I have a user with a huge number of files, approximately 3 million, that are all very, very tiny: typically under a hundred kilobytes each. They’re all located on a remote Windows 2019 Server. The user wants to make a regular, nightly copy of this data from the remote system to his local computer, which is running Windows 10 Pro. Now, I know the initial copy will most likely take a few days, even if I compress it before sending it over. It is, after all, a lot of files.
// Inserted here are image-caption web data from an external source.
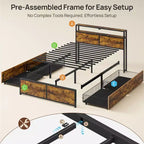 Lit plateforme Greenstell - Tête de lit bibliothèque en bois, 4 tiroirs, lumières LED à intensité variable et chargement USB sécurisé, assemblage facile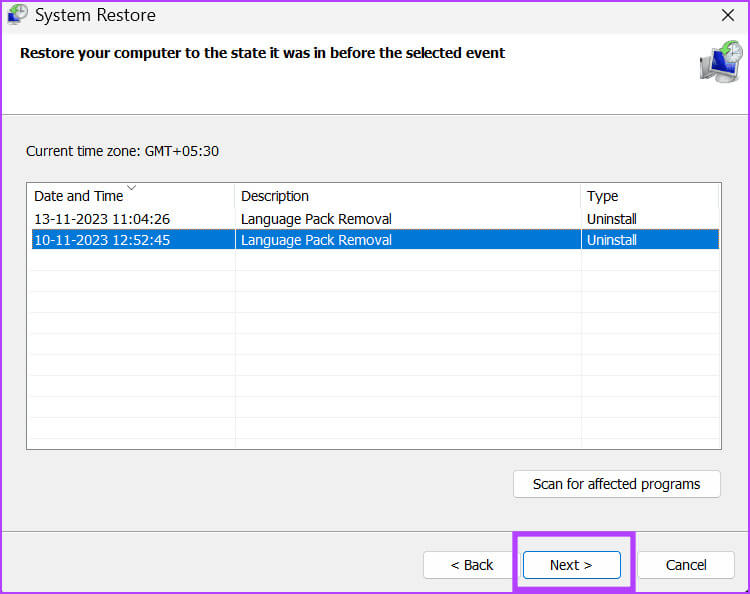 use-system-restore-2-5 9 إصلاحات لمشكلة "خدمة النقل الذكي في الخلفية (BITS) تستمر في التوقف" في Windows 10 و11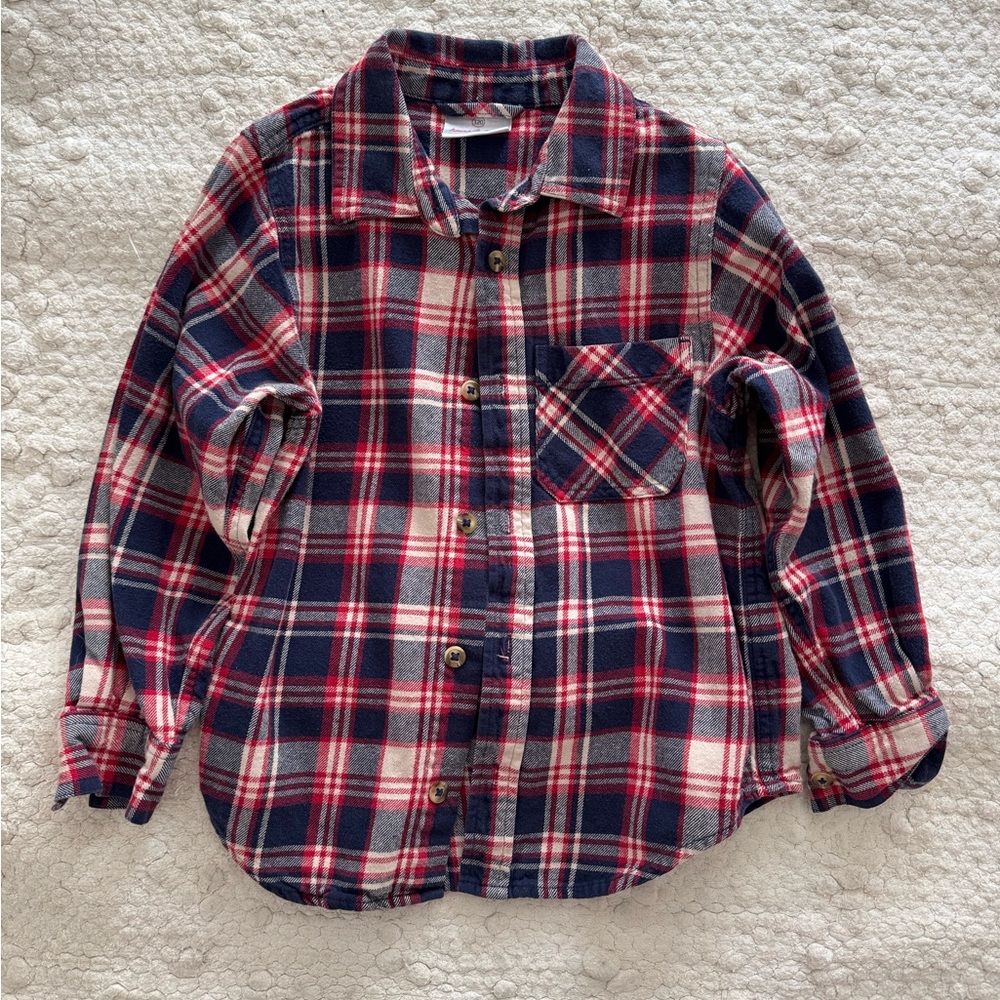 Hanna Andersson Red and Navy Plaid Flannel Button Down Shirt size 6-7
The challenge comes in after the initial copy is made:
How can I quickly scan the folders and all subfolders for any changes (new files, changes to existing files, deleted files) and then replicate those changes on the Win10 computer?
/
There are two independent variables that I have to figure out: the type of secure connection, the “pipe”, and the method of copying files.
Types Of Secure Connection
- VPN
- SSH
- WireGuard
Method of Copying Files
- Windows Robocopy/Xcopy
- Rsync/SCP
- Compress into one big file, then transfer, then uncompress at the other end
Note: It is true Windows Server offers a couple great methods for making a remote duplicate of a folder: DFS Replication and Storage Replica. Unfortunately, its my understanding both the source and the target machine must be running Windows Server for this, so it will not work.
My plan is to test as many different configurations as possible, and to that effect, I’ve worked out steps to follow. I will go through all these steps for each of the 3 types of secure connection.
- Establish the secure connection
- Make exact duplicates of the data in 3 separate locations on the Win 10 machine
- In the source data, delete a file, make a new file, and change a file
- Use Rsync to replicate data on the Win 10 machine
- Repeat Step #4 with Robocopy, then Xcopy, and maybe with Scp, as well
- Measure how much time it took for each method
In my next post, I’ll present the results of the VPN for each method of transferring the data. See you soon!
This is a problem I have faced before. It can gum up the best of replication methods as most are not built for tons of tiny files. Looks like you are headed down the right path. Interested in seeing the results of your tests.